If we recall that hot air is less dense than cold air and tends to rise above it (this will be discussed in Chapter 3 in connection with temperature inversions, Section 3.5), we shall expect hot air to rise near the equator and flow toward the poles at some elevation above the surface of the earth. The colder air from the polar regions is then expected to flow toward the equator nearer to the surface of the earth, as shown in Figure 2-5. This idea was first formulated by G. Hadley in 1735. Hadley's picture of atmospheric circulation also took account of the earth's rotation, but for the moment we should note the

FIGURE 2-5 General circulation of the atmosphere as proposed by Hadley, 1735. These were the simplest forms of "Hadley cells,'' with hot air rising near the equator and moving toward the poles in the upper troposphere. Cold air, in this model, moves from the poles toward the equator near the surface of the earth.

FIGURE 2-5 General circulation of the atmosphere as proposed by Hadley, 1735. These were the simplest forms of "Hadley cells,'' with hot air rising near the equator and moving toward the poles in the upper troposphere. Cold air, in this model, moves from the poles toward the equator near the surface of the earth.

following major oversimplifications in his model. First, this model showed a lot of air accumulating over the polar regions; second, no account was taken of unequal heating of land and sea; and, third, no account was taken of variations in solar radiation at various latitudes at different times of the year.

What happens when the rotation of the earth from west to east is taken into account? If we think of the earth as rotating around an axis that goes through the North and South Poles, we note that the surface of the earth at the poles does not rotate, while the surface of the earth at the equator rotates very quickly. The equatorial circumference of the earth is about 40,000 km, and one rotation occurs every 24 h, so that every point on the earth's equator is constantly moving at a velocity of 28km/min in contrast to the stationary points at the poles. In the same way, the air above the poles does not rotate while the air above the equator rotates with the earth, and at the same velocity. Between the equator and the poles, points on the earth's surface and in the atmosphere above these points rotate at intermediate speeds, between zero and 28 km/min.
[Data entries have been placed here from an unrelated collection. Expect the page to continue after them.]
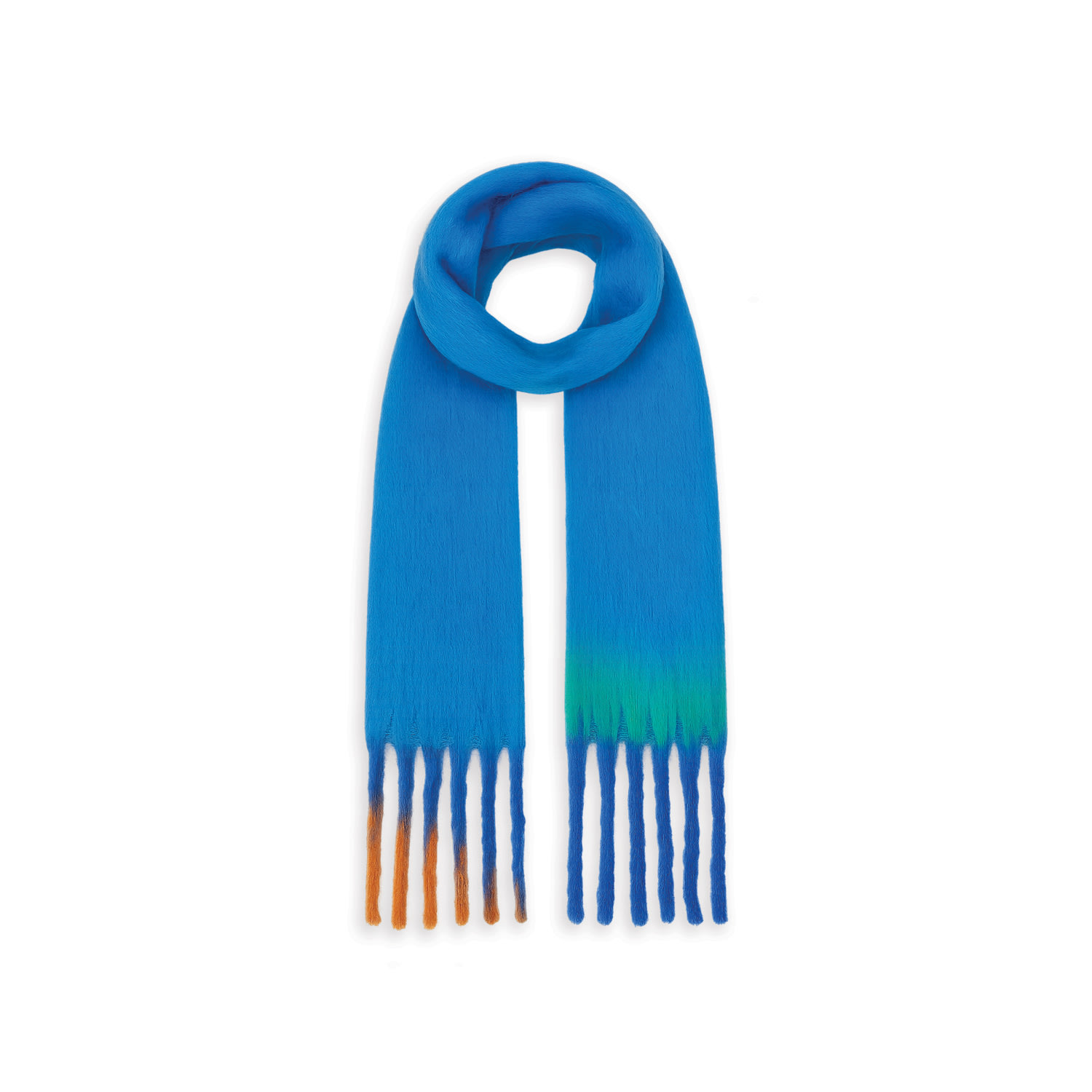 Yumi Women's  Blue Colour Block Scarf In Blue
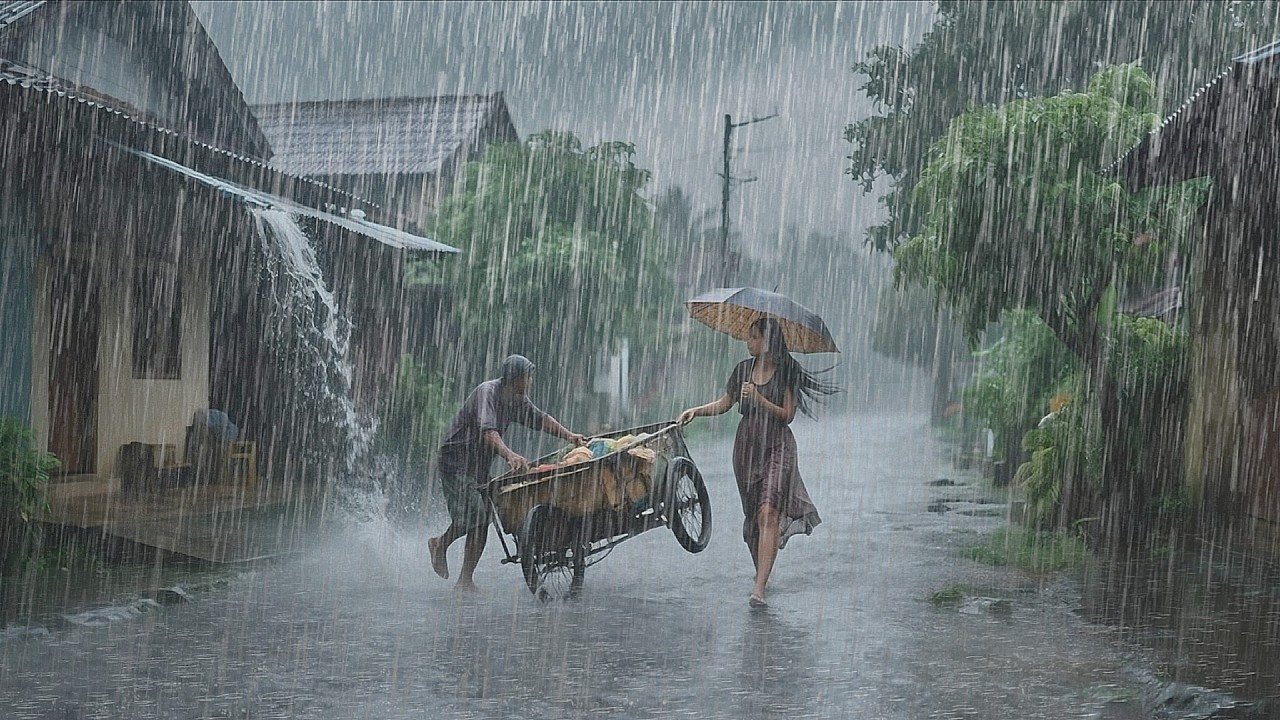 Heavy Rain and Thunderstorms Cause Flooding in Asian Residential Areas | Walking in the Rain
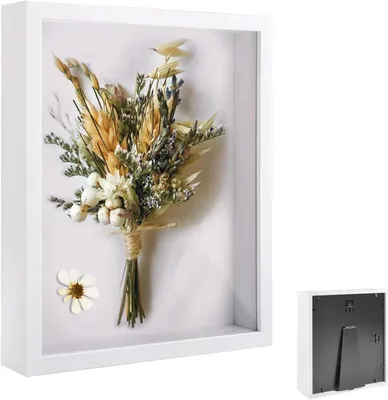 Produktbild von 3D Bilderrahmen 21 x 30 cm, Tiefe 3 cm, Holz, Acryl Front, für Hochzeitssträuße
When air moves between latitudes in which the speed of rotation is different, it is subject to the Coriolis effect, which gives the wind speed an unexpected component with respect to an observer on earth. For example, when a parcel of air moves from one of the poles toward the equator, it is moving from an area where little or no rotation is taking place to an area where the earth is rotating quickly beneath it. This parcel of air tends to lag behind the rotating earth, that is, the earth is rotating away from this parcel of air, moving faster than the parcel of air from west to east. From the perspective of an observer who is rotating with the earth, this parcel of air seems to be moving backward (i.e., from east to west). In the Northern Hemisphere, where the parcel of cold air near the surface of the earth is moving north to south because of unequal heating, the overall result is to give this parcel of air a northeast-to-southwest motion with respect to someone on the earth's surface. We should therefore expect surface winds in the Northern Hemisphere to blow generally from the northeast. Similar reasoning would lead us to expect surface winds in the Southern Hemisphere to blow from the southeast.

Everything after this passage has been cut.